Emerging market stocks are “taking the brunt of investors’ fears,” writes Nir Kaissar in a Bloomberg article last month, noting a drop in the MSCI Emerging Markets Index on a year-to-date basis against S&P 500 gains.
Bloomberg conducted a survey of 20 investors, traders and strategists regarding what they think are the biggest drivers for EM. The top responses included: Fed rate outlook, trade conflicts, EM central bank outlook, China, oil and commodity prices, and local politics. “Many of those risks,” writes Kaissar, “also threaten the U.S., of course, but investors insist that U.S. companies are shielded by strong fundamentals.

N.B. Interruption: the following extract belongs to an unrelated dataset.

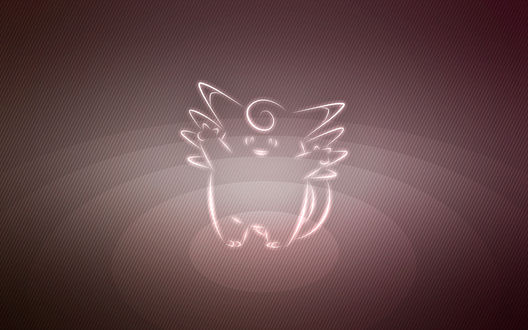 Обои на рабочий стол Clefable / Клефэйбл из аниме Pokemon / Покемон, by Senzune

If that’s true, then emerging-market companies have as little to fear.” He notes that profits in developing countries “rival those in the U.S.”
Kaissar points out that U.S. companies are showing a higher return on investment than those in emerging markets, “but that’s only because U.S. firms are more levered.” The price of the EM index, he writes, “would have to increase 125 percent to reach a P/E of 33, compared with just a 12 percent gain for the S&P 500.” This, Kaissar concludes, suggests better potential payoffs in EM stocks. “Emerging markets appear to be taking the risks swirling around them more seriously than those in the U.S.,” he concludes, “and that could make all the different for investors.”